-- Opening Marker --

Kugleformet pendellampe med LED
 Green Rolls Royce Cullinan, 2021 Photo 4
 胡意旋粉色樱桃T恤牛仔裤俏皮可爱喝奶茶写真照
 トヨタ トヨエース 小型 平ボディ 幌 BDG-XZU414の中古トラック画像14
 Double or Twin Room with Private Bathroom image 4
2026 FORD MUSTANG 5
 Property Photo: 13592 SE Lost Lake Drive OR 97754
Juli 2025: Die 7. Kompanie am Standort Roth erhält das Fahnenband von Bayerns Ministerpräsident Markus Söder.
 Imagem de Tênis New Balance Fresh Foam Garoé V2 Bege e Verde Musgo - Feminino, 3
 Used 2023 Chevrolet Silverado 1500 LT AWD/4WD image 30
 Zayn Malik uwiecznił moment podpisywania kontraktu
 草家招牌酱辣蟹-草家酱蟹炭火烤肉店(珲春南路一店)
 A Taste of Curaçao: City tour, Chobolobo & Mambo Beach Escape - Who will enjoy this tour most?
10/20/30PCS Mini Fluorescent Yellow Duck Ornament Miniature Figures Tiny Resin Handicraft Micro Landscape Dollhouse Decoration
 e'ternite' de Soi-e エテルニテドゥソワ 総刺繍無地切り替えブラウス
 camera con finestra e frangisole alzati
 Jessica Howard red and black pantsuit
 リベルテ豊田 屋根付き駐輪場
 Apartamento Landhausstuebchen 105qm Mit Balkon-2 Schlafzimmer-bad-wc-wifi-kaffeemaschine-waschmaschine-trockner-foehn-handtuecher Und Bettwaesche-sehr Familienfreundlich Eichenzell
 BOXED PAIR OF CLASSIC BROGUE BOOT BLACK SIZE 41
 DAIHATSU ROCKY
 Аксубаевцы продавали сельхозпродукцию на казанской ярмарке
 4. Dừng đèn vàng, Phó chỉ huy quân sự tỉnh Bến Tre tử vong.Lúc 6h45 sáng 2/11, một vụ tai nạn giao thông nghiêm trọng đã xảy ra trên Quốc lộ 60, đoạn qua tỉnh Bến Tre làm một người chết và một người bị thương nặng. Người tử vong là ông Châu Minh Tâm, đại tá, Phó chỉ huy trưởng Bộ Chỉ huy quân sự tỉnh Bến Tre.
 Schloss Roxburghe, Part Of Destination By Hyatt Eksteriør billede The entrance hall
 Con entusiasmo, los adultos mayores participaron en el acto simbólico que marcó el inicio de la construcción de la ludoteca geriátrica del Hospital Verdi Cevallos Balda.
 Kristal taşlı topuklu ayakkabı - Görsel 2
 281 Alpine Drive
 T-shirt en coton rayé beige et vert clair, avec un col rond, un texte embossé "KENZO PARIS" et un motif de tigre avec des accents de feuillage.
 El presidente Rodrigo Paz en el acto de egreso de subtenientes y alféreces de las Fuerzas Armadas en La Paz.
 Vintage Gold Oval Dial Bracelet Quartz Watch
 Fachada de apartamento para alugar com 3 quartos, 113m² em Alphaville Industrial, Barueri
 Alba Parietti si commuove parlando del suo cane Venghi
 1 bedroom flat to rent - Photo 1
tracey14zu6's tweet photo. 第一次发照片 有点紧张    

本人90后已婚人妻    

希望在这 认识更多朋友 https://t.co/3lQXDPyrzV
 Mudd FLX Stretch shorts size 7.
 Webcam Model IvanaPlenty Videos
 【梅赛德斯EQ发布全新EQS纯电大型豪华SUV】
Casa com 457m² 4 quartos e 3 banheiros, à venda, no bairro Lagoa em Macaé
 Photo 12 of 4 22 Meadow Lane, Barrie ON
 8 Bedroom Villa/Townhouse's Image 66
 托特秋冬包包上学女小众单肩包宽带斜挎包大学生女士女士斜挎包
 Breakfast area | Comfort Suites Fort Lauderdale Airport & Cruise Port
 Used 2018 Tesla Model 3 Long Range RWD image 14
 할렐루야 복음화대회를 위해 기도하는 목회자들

-- Closing Marker --

All of the records above are to be printed again exactly as they appear.

## Result for this task
Kugleformet pendellampe med LED
 Green Rolls Royce Cullinan, 2021 Photo 4
 胡意旋粉色樱桃T恤牛仔裤俏皮可爱喝奶茶写真照
 トヨタ トヨエース 小型 平ボディ 幌 BDG-XZU414の中古トラック画像14
 Double or Twin Room with Private Bathroom image 4
2026 FORD MUSTANG 5
 Property Photo: 13592 SE Lost Lake Drive OR 97754
Juli 2025: Die 7. Kompanie am Standort Roth erhält das Fahnenband von Bayerns Ministerpräsident Markus Söder.
 Imagem de Tênis New Balance Fresh Foam Garoé V2 Bege e Verde Musgo - Feminino, 3
 Used 2023 Chevrolet Silverado 1500 LT AWD/4WD image 30
 Zayn Malik uwiecznił moment podpisywania kontraktu
 草家招牌酱辣蟹-草家酱蟹炭火烤肉店(珲春南路一店)
 A Taste of Curaçao: City tour, Chobolobo & Mambo Beach Escape - Who will enjoy this tour most?
10/20/30PCS Mini Fluorescent Yellow Duck Ornament Miniature Figures Tiny Resin Handicraft Micro Landscape Dollhouse Decoration
 e'ternite' de Soi-e エテルニテドゥソワ 総刺繍無地切り替えブラウス
 camera con finestra e frangisole alzati
 Jessica Howard red and black pantsuit
 リベルテ豊田 屋根付き駐輪場
 Apartamento Landhausstuebchen 105qm Mit Balkon-2 Schlafzimmer-bad-wc-wifi-kaffeemaschine-waschmaschine-trockner-foehn-handtuecher Und Bettwaesche-sehr Familienfreundlich Eichenzell
 BOXED PAIR OF CLASSIC BROGUE BOOT BLACK SIZE 41
 DAIHATSU ROCKY
 Аксубаевцы продавали сельхозпродукцию на казанской ярмарке
 4. Dừng đèn vàng, Phó chỉ huy quân sự tỉnh Bến Tre tử vong.Lúc 6h45 sáng 2/11, một vụ tai nạn giao thông nghiêm trọng đã xảy ra trên Quốc lộ 60, đoạn qua tỉnh Bến Tre làm một người chết và một người bị thương nặng. Người tử vong là ông Châu Minh Tâm, đại tá, Phó chỉ huy trưởng Bộ Chỉ huy quân sự tỉnh Bến Tre.
 Schloss Roxburghe, Part Of Destination By Hyatt Eksteriør billede The entrance hall
 Con entusiasmo, los adultos mayores participaron en el acto simbólico que marcó el inicio de la construcción de la ludoteca geriátrica del Hospital Verdi Cevallos Balda.
 Kristal taşlı topuklu ayakkabı - Görsel 2
 281 Alpine Drive
 T-shirt en coton rayé beige et vert clair, avec un col rond, un texte embossé "KENZO PARIS" et un motif de tigre avec des accents de feuillage.
 El presidente Rodrigo Paz en el acto de egreso de subtenientes y alféreces de las Fuerzas Armadas en La Paz.
 Vintage Gold Oval Dial Bracelet Quartz Watch
 Fachada de apartamento para alugar com 3 quartos, 113m² em Alphaville Industrial, Barueri
 Alba Parietti si commuove parlando del suo cane Venghi
 1 bedroom flat to rent - Photo 1
tracey14zu6's tweet photo. 第一次发照片 有点紧张    

本人90后已婚人妻    

希望在这 认识更多朋友 https://t.co/3lQXDPyrzV
 Mudd FLX Stretch shorts size 7.
 Webcam Model IvanaPlenty Videos
 【梅赛德斯EQ发布全新EQS纯电大型豪华SUV】
Casa com 457m² 4 quartos e 3 banheiros, à venda, no bairro Lagoa em Macaé
 Photo 12 of 4 22 Meadow Lane, Barrie ON
 8 Bedroom Villa/Townhouse's Image 66
 托特秋冬包包上学女小众单肩包宽带斜挎包大学生女士女士斜挎包
 Breakfast area | Comfort Suites Fort Lauderdale Airport & Cruise Port
 Used 2018 Tesla Model 3 Long Range RWD image 14
 할렐루야 복음화대회를 위해 기도하는 목회자들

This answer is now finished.